-- Opening Marker --

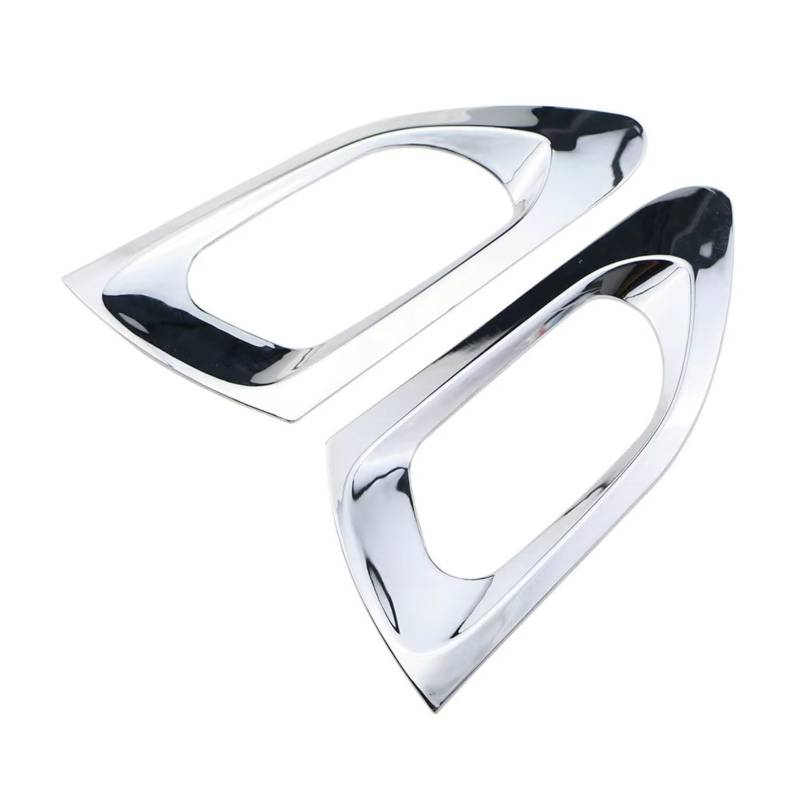 Innenzubehör Für Peugeot 208 2014–2019, ABS-Chrom-Innentürgriff-Schüssel-Abdeckungs-Ordnungsaufkleber Auto Dekorative(Front 2pcs) von Mfibbmf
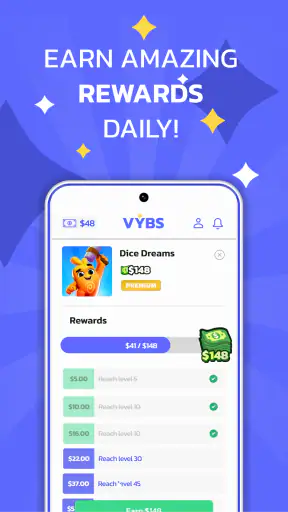 VYBS: Play & Earn Rewards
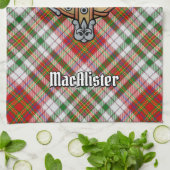 クランMacAlisterクレストオーバードレスタータンチェック キッチンタオル (折り畳み)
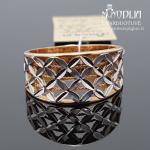 Žiedas su baltu auksu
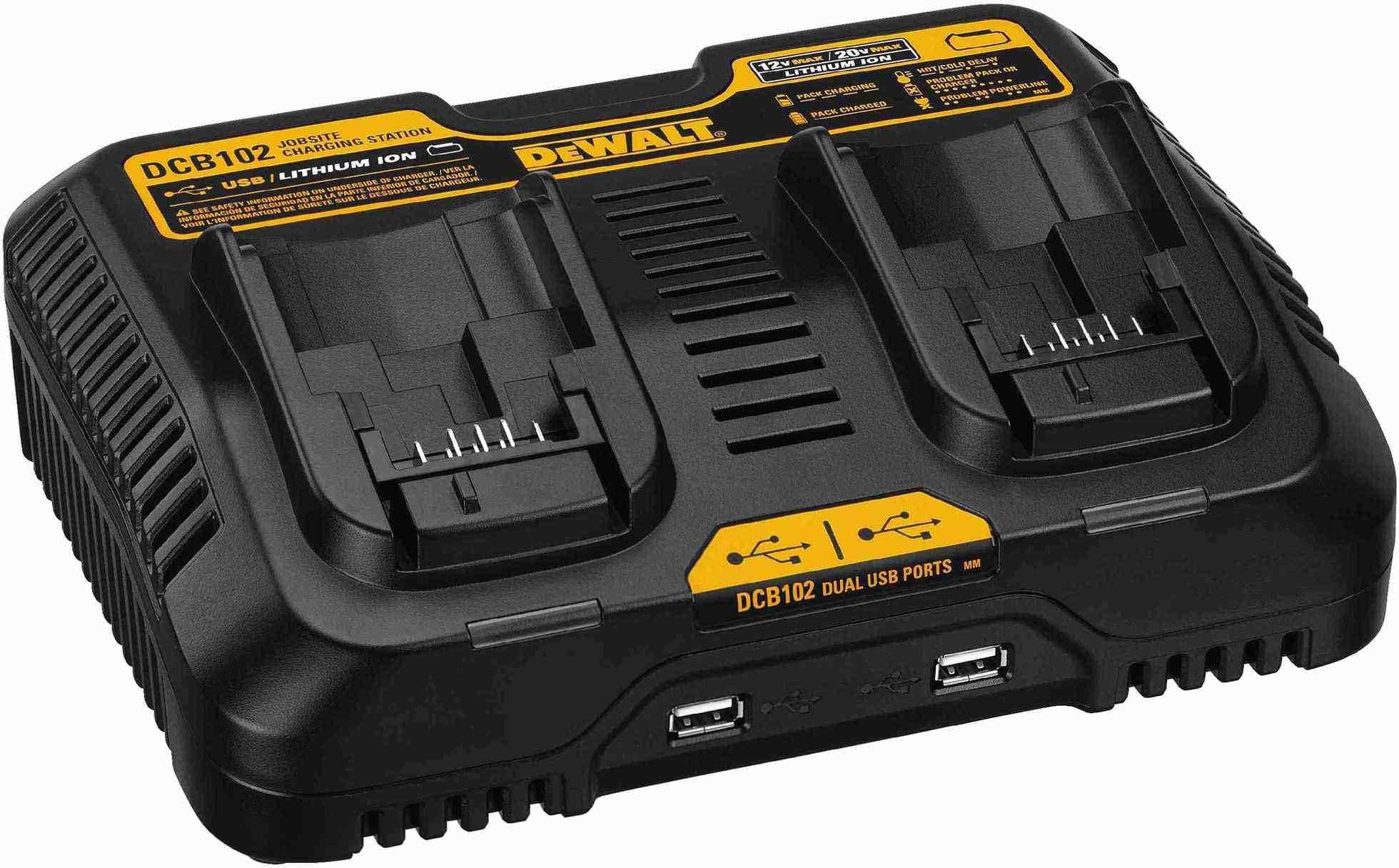 Dewalt DCB102 12V - 20V MAX Jobsite Charging Station (PROMO) - Image 3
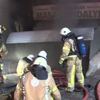 Esenler'de sandalye imalatı yapılan iş yerinde yangın Esenler'de sandalye imalatı yapılan iş yerinde yangın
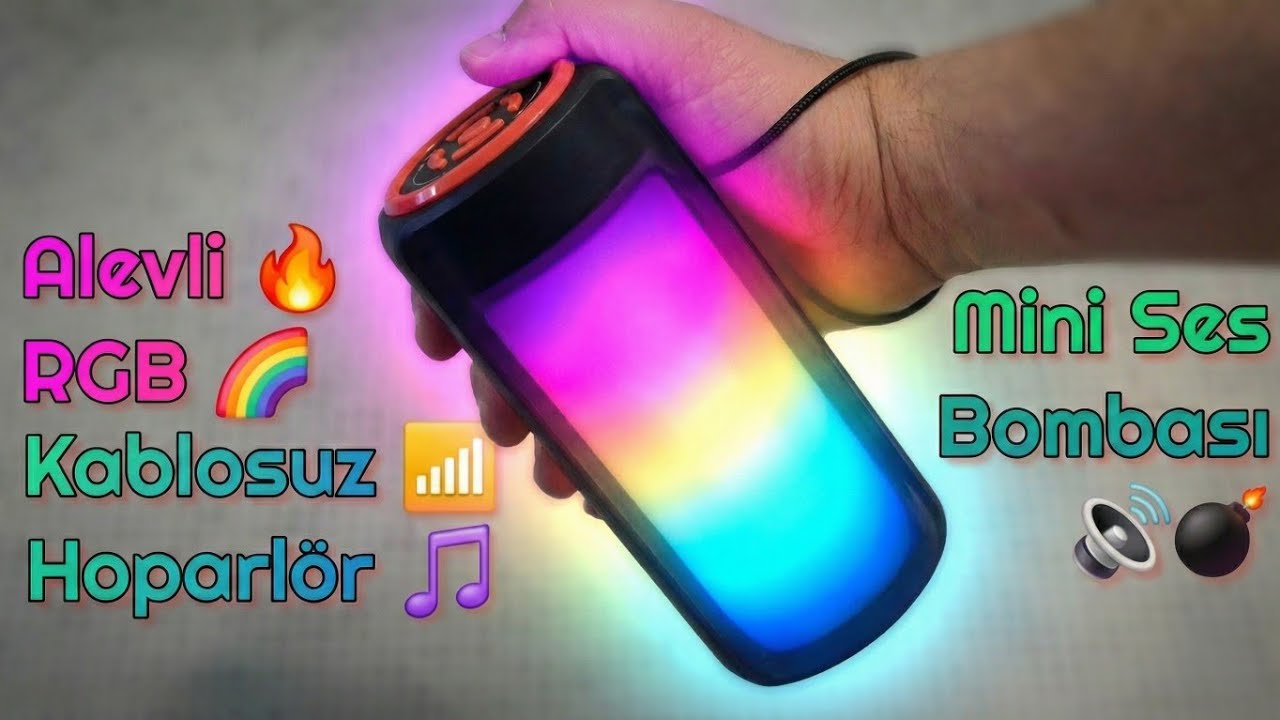 ALEVLİ RGB 10W BLUETOOTH HOPARLÖR Greatnice Kablosuz Hoparlör GTS-1742 Kutu Açılışı İzlenim İnceleme
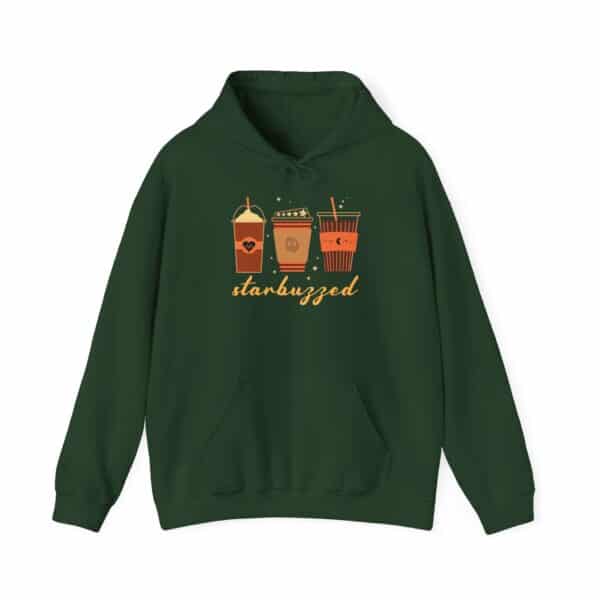Starbuzzed Coffee Lover Hoodie | Cozy Fall Pullover for Caffeinated Cuties ☕🍂✨ - Image 9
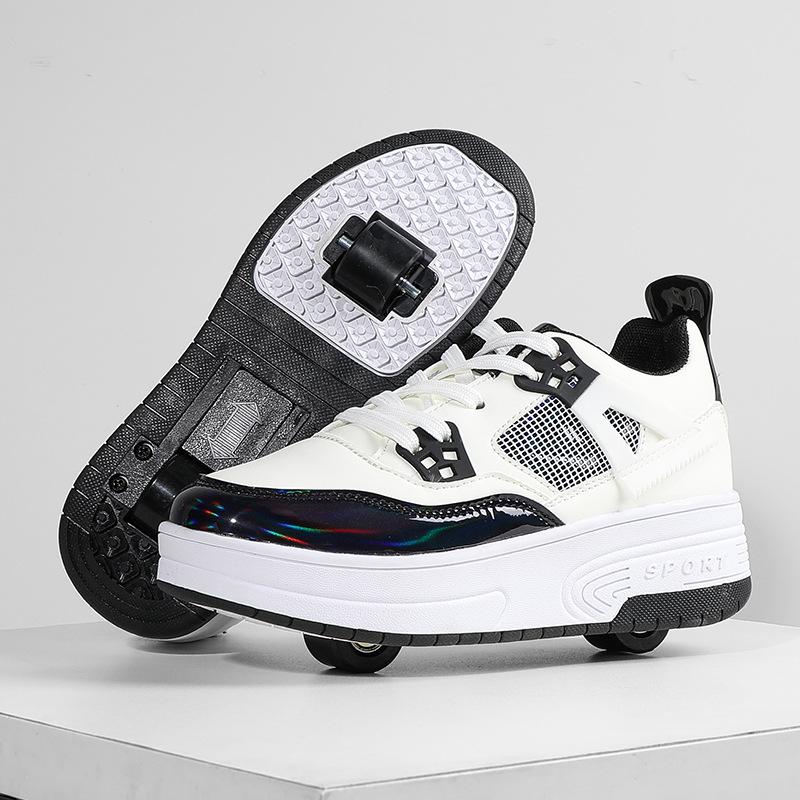Runaway Shoes Double Wheel Invisible Student Roller Skates Flying Shoes Walking Boys with Wheels Children's Shoes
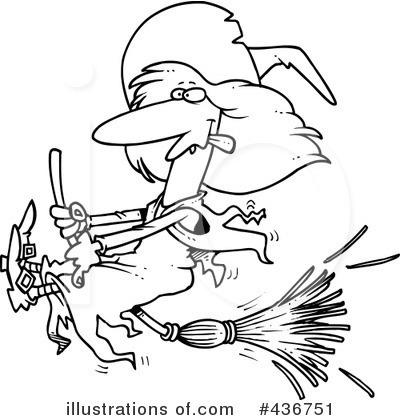 Royalty-Free (RF) Witch Clipart Illustration by toonaday - Stock Sample #436751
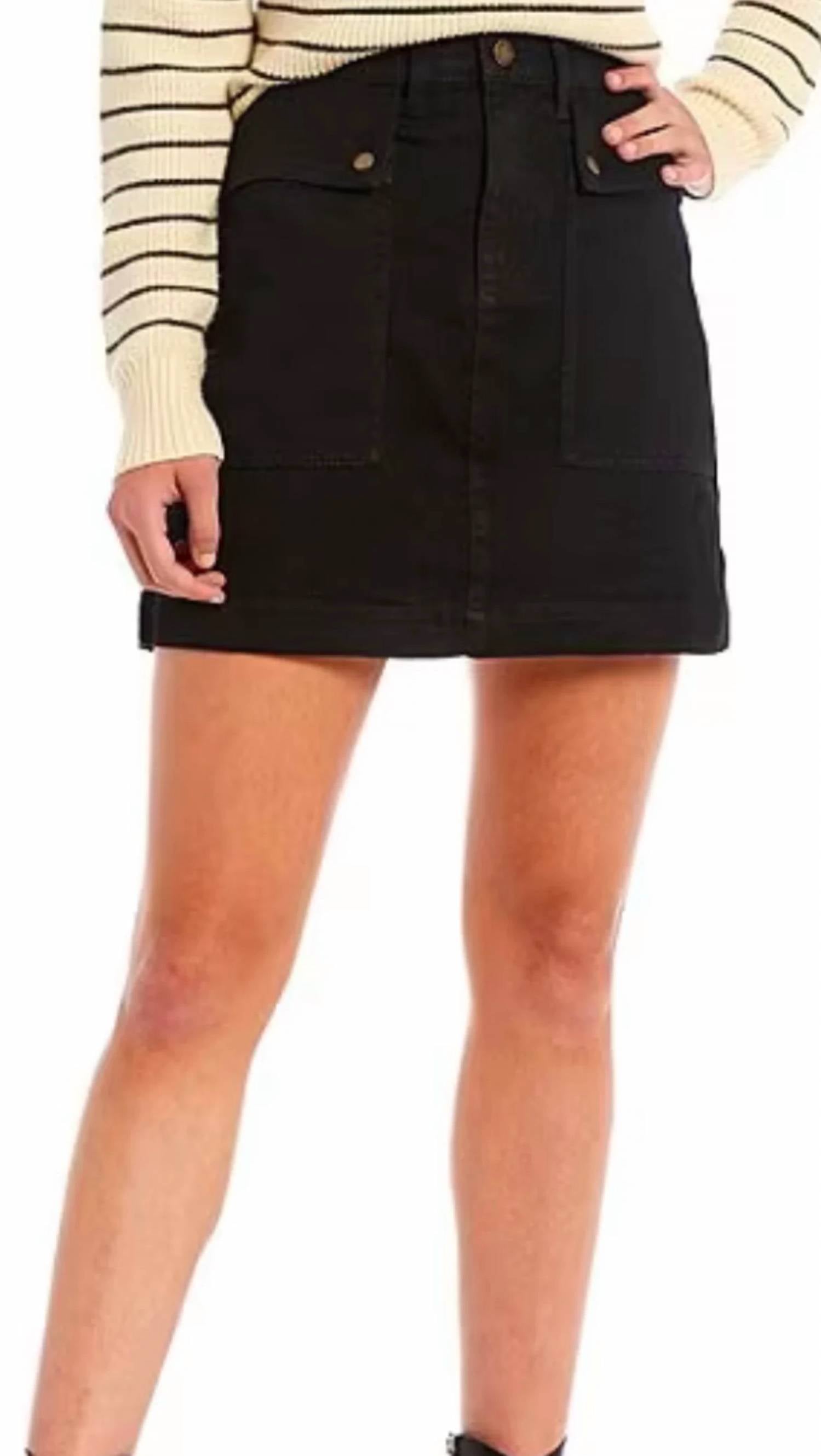 Copper Key - Donnie Denim Cargo Skirt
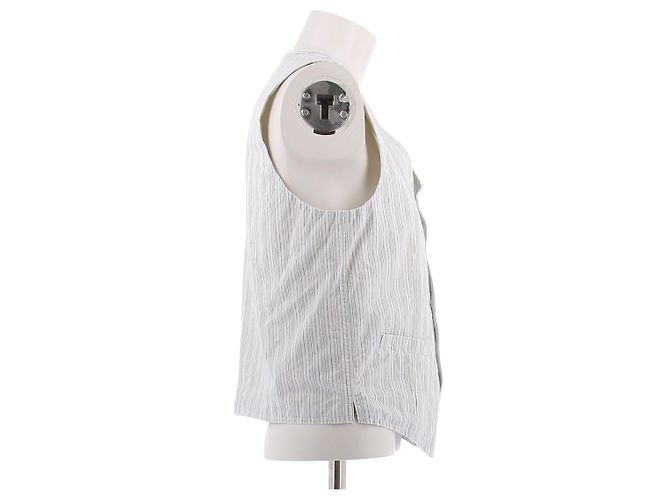 Autre Marque Chaqueta AIAYU a rayas blanca de algodón M Blanco - vista 3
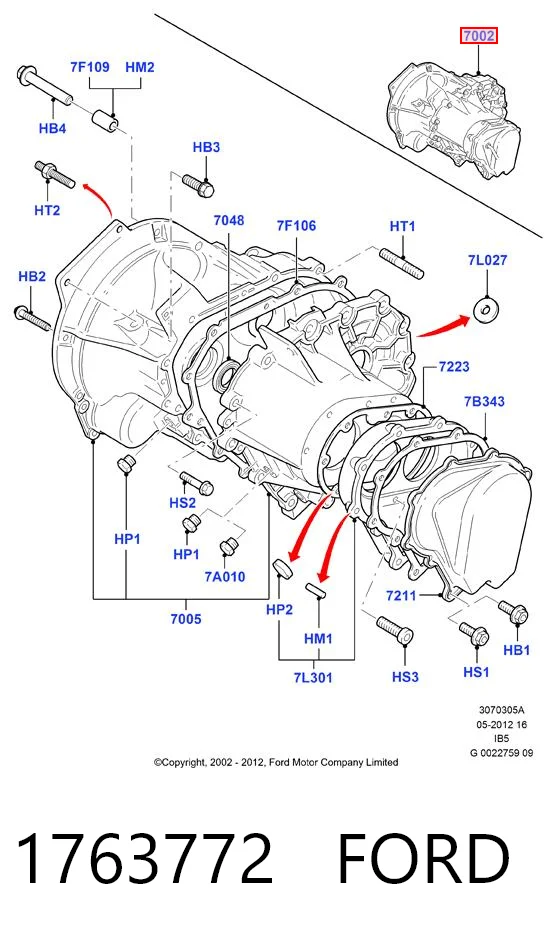  Коробка передач Mazda 2 1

-- Closing Marker --

| WORK REQUIRED |
Only the lines above from the one with "Runaway Shoes Double" to the one with "Copper Key - Donnie Denim Cargo Skirt" should be printed, both included and exactly as written; no picture belongs in the copy.

| EXERCISE SOLUTION |
Runaway Shoes Double Wheel Invisible Student Roller Skates Flying Shoes Walking Boys with Wheels Children's Shoes
 Royalty-Free (RF) Witch Clipart Illustration by toonaday - Stock Sample #436751
 Copper Key - Donnie Denim Cargo Skirt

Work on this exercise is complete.